- WORK TO BE COMPLETED -
Look through the data below for the line with "iChoue I am", and transcribe it exactly together with each line after it up to and including the line with "Ranunculus Arranged in Fiberstone Pot". Give nothing else.

- ENTRIES SHOWN -
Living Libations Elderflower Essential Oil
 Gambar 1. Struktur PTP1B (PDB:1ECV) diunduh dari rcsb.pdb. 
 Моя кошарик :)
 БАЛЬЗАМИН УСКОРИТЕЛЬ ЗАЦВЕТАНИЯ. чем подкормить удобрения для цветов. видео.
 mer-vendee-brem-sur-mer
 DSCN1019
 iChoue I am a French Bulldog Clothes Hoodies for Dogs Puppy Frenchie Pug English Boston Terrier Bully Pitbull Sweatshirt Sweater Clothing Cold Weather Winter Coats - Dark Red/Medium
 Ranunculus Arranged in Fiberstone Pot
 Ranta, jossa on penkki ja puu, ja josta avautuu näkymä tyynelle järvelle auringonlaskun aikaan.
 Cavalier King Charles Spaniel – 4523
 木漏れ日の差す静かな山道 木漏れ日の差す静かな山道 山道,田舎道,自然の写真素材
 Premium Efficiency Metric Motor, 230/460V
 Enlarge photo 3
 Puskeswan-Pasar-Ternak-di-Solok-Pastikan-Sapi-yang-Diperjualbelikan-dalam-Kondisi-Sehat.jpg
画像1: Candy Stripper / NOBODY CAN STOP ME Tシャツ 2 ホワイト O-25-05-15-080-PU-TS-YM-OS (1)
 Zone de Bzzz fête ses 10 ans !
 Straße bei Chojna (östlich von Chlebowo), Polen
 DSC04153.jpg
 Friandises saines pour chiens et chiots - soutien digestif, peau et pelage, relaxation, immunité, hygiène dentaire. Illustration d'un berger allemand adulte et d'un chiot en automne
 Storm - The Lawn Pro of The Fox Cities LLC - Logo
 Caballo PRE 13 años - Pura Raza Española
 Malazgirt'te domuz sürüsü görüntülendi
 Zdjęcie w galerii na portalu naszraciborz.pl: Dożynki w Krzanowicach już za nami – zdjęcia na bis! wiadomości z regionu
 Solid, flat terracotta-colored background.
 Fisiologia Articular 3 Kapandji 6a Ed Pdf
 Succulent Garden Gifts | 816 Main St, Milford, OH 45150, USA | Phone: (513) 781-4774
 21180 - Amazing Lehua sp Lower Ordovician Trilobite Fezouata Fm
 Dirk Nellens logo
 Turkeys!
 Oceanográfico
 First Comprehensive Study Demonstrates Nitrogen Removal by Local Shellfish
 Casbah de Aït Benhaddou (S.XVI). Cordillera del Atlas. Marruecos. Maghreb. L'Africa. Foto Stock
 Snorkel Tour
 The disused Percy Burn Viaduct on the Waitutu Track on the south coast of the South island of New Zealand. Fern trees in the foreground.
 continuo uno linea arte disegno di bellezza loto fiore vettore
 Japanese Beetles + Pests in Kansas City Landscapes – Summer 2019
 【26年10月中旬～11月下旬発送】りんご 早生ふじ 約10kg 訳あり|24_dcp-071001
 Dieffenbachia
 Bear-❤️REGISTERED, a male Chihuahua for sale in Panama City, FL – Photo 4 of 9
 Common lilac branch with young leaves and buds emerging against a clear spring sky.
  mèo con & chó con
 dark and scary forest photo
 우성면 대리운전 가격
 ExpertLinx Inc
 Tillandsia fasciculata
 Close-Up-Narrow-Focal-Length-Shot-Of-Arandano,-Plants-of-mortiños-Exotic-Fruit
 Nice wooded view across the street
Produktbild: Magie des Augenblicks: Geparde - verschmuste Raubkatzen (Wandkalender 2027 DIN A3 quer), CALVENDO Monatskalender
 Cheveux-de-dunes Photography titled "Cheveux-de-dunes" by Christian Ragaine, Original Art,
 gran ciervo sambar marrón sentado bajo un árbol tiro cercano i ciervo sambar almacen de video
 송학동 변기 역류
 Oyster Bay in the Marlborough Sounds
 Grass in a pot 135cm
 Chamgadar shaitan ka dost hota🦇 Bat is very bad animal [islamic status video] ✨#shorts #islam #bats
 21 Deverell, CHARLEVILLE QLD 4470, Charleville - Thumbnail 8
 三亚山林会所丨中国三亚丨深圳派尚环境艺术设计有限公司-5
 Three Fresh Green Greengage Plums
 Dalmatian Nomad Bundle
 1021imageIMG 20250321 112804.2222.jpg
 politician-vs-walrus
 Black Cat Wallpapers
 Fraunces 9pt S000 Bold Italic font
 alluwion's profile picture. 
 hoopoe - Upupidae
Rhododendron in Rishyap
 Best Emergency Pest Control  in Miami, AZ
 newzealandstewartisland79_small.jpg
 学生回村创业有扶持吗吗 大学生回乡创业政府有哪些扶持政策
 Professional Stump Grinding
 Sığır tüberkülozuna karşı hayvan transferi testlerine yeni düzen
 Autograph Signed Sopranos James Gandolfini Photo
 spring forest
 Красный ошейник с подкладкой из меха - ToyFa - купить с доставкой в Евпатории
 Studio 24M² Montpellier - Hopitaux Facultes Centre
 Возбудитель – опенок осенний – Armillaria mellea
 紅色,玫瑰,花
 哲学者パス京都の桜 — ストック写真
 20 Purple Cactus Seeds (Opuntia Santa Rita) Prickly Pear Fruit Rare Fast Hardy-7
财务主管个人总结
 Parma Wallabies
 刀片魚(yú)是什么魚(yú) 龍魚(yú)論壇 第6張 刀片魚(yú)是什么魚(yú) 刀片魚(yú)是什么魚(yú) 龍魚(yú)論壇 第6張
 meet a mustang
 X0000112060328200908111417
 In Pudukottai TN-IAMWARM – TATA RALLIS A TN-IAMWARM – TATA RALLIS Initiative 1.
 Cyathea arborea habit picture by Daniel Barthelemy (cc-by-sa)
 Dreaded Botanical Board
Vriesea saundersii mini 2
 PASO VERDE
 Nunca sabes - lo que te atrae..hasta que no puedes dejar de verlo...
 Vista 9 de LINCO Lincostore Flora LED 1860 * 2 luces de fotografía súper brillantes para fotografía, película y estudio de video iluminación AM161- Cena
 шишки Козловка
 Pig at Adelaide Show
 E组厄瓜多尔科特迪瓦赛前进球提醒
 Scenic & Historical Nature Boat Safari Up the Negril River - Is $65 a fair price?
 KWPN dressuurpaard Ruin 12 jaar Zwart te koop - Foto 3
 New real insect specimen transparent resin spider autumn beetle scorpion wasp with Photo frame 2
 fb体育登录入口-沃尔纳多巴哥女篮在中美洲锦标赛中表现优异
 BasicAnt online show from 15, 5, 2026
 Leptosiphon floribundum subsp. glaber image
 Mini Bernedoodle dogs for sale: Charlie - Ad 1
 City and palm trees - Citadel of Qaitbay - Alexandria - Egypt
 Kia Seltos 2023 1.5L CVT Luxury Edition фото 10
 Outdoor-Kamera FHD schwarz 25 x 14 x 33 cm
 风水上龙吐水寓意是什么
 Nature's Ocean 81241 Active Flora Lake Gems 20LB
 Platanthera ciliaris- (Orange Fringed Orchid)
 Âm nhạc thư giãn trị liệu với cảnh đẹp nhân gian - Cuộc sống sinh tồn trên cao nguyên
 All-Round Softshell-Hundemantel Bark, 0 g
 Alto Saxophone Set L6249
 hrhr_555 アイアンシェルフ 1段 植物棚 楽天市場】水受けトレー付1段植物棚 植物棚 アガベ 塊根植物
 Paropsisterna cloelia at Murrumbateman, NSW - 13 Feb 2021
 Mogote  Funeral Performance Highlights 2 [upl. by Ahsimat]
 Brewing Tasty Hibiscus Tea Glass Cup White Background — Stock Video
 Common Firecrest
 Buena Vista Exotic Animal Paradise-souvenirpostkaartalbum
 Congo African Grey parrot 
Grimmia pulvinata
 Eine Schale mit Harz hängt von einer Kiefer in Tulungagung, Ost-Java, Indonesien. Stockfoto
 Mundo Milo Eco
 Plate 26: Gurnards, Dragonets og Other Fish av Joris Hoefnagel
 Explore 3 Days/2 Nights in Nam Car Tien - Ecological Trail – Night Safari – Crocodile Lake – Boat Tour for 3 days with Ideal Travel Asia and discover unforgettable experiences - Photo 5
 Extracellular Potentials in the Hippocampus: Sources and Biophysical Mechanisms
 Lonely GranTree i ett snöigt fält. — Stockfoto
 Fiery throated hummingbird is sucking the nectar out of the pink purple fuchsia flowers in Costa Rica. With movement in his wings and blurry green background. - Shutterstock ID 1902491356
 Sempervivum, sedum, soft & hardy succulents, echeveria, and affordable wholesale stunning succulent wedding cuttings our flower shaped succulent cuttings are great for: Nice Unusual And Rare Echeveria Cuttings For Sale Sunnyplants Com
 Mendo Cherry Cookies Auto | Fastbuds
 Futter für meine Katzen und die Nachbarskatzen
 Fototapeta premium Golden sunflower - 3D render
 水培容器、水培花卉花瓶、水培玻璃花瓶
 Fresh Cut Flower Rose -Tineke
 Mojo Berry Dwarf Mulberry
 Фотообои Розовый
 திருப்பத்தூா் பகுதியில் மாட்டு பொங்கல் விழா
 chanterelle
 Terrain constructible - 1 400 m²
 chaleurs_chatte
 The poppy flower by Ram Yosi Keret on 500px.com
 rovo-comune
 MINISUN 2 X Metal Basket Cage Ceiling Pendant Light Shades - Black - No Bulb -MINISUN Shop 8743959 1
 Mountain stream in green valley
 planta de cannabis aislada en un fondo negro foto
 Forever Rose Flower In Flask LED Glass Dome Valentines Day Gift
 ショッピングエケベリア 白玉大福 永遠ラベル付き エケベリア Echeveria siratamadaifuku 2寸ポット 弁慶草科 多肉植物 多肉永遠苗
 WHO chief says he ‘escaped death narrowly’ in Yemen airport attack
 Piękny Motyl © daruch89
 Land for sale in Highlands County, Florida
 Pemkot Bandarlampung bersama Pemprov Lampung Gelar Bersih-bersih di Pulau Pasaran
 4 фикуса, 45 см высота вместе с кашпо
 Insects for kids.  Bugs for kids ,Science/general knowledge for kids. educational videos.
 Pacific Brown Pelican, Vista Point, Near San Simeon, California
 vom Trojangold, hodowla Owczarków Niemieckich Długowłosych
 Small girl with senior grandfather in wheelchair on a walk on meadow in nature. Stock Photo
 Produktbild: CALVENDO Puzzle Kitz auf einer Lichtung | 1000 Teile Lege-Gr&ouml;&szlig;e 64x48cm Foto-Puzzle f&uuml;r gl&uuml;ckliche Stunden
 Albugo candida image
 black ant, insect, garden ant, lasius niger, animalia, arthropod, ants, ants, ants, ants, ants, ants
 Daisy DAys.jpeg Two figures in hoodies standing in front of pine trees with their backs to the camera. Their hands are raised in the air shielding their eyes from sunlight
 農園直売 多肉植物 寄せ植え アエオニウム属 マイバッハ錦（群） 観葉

- FINISHED EXERCISE -
 iChoue I am a French Bulldog Clothes Hoodies for Dogs Puppy Frenchie Pug English Boston Terrier Bully Pitbull Sweatshirt Sweater Clothing Cold Weather Winter Coats - Dark Red/Medium
 Ranunculus Arranged in Fiberstone Pot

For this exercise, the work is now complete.